START Excerpted data

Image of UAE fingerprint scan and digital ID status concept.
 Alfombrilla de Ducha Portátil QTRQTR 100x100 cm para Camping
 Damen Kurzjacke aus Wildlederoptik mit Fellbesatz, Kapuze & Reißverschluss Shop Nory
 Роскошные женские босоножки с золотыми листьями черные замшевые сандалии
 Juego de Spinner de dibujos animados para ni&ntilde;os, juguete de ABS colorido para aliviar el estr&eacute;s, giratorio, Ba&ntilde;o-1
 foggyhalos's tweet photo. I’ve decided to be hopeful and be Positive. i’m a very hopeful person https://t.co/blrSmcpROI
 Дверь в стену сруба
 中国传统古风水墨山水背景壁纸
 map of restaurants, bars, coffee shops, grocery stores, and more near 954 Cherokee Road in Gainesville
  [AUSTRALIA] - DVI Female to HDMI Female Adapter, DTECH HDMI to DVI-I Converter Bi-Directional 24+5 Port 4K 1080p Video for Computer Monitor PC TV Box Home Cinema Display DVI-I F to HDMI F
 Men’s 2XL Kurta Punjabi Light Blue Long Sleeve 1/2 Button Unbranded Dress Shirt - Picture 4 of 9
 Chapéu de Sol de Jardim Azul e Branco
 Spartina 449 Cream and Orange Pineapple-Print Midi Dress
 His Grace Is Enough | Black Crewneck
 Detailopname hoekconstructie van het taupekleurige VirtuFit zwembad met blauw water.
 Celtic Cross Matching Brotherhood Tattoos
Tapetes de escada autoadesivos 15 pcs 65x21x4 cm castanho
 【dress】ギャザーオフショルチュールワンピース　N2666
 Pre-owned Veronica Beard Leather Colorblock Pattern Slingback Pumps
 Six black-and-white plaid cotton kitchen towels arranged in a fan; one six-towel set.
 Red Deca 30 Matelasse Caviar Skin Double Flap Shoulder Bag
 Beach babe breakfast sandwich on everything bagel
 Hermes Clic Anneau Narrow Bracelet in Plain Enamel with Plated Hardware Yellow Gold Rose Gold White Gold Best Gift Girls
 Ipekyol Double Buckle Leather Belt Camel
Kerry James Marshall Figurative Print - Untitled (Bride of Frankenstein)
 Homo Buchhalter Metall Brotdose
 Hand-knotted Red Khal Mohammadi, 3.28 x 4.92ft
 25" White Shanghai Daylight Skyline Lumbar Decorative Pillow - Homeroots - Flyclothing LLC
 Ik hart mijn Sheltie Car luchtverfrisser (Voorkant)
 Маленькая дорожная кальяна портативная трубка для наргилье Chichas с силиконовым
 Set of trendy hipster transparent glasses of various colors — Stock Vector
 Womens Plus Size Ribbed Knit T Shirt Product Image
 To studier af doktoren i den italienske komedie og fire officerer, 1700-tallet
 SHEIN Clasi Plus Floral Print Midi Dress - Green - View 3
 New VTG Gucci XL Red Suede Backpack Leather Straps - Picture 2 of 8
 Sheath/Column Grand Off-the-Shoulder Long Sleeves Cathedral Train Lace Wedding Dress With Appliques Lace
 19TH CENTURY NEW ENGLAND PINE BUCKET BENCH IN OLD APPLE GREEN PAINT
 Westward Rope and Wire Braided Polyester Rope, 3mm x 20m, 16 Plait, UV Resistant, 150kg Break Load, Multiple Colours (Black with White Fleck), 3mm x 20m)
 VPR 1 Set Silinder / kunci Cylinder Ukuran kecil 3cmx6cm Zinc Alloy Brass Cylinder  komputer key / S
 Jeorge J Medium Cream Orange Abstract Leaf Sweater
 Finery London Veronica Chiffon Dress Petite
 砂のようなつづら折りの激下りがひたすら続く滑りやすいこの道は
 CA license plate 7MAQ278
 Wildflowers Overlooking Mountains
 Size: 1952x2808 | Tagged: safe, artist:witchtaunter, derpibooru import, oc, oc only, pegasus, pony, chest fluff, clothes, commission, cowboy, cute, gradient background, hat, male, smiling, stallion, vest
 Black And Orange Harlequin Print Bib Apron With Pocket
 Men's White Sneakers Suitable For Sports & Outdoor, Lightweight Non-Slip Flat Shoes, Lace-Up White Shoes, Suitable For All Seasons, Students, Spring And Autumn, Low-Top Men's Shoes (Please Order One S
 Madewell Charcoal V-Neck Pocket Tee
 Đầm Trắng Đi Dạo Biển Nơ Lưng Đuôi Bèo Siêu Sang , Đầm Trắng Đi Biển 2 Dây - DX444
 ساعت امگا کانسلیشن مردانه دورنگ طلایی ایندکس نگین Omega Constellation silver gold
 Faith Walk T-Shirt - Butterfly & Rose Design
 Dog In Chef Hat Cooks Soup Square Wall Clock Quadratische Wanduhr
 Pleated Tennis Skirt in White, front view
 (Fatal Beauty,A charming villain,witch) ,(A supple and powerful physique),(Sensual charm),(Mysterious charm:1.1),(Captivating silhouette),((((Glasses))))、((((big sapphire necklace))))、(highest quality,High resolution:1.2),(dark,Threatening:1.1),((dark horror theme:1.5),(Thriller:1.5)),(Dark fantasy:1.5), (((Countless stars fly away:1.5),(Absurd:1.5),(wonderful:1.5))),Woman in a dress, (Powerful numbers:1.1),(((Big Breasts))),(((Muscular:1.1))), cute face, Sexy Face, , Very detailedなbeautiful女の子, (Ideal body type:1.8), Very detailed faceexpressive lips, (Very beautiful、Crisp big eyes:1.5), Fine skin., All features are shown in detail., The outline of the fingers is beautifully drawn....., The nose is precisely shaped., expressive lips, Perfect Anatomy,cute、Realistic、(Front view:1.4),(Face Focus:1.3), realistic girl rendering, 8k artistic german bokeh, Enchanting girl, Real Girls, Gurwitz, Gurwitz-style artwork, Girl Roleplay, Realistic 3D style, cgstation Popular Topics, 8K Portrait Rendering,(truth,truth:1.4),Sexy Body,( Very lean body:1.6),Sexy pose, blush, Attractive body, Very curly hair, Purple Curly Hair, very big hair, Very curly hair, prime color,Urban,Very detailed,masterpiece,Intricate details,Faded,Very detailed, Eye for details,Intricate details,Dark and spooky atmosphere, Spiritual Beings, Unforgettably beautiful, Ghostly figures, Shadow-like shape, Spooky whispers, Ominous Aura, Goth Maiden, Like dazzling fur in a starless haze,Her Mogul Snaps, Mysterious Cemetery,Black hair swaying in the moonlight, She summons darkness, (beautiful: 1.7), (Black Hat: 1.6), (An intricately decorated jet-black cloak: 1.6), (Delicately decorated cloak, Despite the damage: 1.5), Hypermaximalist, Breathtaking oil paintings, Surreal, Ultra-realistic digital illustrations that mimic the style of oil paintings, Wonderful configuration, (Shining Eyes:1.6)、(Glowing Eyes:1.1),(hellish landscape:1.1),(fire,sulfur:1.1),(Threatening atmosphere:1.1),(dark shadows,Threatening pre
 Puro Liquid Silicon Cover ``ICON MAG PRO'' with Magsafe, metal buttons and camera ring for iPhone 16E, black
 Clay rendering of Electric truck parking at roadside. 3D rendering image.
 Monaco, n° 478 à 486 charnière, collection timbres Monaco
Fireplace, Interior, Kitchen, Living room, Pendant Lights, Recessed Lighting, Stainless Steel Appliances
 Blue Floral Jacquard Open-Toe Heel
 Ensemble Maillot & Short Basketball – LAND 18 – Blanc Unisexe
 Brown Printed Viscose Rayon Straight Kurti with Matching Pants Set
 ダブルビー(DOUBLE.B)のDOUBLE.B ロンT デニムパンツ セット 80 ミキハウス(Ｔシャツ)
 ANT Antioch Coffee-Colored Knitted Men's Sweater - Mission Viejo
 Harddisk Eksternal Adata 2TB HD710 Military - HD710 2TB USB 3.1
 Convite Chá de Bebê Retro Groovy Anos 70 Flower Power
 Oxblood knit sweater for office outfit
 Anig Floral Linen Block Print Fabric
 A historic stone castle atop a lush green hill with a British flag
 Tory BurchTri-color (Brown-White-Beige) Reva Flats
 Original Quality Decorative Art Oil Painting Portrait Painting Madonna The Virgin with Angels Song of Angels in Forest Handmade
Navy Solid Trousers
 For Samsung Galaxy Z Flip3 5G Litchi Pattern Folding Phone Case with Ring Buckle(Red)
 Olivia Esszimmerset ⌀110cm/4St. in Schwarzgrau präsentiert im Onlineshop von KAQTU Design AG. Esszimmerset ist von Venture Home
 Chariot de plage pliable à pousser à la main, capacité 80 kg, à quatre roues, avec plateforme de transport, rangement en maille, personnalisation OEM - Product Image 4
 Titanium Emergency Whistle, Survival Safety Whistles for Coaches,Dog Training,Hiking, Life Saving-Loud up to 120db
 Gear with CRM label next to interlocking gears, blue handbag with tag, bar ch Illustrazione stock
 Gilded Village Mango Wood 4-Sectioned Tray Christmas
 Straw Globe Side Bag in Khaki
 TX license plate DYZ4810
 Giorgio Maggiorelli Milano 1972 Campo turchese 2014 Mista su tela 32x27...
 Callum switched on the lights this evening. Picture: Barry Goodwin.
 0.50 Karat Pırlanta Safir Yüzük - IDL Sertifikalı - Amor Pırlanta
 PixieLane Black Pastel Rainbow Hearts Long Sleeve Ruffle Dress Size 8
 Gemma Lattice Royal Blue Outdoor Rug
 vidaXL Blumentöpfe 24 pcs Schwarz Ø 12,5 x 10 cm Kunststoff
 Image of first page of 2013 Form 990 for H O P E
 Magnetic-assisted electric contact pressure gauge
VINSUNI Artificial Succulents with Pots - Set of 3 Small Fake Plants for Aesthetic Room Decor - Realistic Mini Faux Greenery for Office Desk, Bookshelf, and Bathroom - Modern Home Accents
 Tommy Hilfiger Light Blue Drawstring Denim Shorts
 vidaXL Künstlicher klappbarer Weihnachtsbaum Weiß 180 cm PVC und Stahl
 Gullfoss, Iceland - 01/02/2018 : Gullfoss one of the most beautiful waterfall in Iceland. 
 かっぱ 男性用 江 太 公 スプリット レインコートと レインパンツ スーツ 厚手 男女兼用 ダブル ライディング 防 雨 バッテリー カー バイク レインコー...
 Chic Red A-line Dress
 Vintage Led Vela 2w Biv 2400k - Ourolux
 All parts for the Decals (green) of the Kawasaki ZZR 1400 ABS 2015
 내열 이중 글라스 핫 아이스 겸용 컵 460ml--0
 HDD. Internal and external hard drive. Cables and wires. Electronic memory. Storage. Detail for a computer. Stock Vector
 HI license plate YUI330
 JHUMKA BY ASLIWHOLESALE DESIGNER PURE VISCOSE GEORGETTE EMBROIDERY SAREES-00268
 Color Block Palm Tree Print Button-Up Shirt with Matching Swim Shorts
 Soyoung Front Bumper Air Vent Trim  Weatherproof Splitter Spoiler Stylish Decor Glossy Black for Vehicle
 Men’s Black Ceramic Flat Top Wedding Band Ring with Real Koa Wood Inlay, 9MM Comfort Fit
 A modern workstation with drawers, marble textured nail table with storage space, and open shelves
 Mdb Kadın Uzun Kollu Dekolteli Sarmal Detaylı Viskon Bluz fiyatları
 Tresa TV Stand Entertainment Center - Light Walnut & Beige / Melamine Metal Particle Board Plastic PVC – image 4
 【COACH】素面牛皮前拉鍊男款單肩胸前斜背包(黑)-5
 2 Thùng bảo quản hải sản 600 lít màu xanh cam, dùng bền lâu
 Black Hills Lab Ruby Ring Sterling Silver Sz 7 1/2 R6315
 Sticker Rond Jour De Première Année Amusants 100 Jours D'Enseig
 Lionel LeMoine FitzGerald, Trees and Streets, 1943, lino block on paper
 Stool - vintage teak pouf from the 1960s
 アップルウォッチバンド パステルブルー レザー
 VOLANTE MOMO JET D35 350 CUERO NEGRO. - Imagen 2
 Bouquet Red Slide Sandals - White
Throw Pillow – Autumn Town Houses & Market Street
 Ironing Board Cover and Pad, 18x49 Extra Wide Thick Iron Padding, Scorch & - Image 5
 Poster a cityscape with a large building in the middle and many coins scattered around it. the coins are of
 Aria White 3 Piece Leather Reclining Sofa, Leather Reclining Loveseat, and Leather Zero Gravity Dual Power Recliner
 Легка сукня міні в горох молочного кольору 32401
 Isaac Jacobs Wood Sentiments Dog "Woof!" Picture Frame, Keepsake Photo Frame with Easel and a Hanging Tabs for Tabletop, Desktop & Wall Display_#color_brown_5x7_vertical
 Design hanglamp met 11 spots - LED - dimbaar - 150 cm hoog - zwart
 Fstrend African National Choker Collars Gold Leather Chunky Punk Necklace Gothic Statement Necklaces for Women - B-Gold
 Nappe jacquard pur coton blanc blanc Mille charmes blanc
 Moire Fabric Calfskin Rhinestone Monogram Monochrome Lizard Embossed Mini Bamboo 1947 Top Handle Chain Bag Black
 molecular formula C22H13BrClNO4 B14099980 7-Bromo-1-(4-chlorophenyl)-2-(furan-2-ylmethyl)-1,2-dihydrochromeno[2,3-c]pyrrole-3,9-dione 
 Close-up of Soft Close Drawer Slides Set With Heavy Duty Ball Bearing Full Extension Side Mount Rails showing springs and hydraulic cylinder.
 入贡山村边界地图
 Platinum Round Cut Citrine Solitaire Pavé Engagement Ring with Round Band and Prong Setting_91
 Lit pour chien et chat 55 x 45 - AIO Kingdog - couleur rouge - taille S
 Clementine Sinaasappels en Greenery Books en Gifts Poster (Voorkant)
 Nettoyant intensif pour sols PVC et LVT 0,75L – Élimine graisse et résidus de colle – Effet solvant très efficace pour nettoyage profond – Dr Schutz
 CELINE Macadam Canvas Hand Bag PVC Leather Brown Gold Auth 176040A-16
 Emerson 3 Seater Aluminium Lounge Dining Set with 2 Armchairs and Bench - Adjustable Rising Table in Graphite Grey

END Excerpted data

**Work instructions**
Provide only the count of lines in the records above that hold the word "Wood".

**Response to the task**
3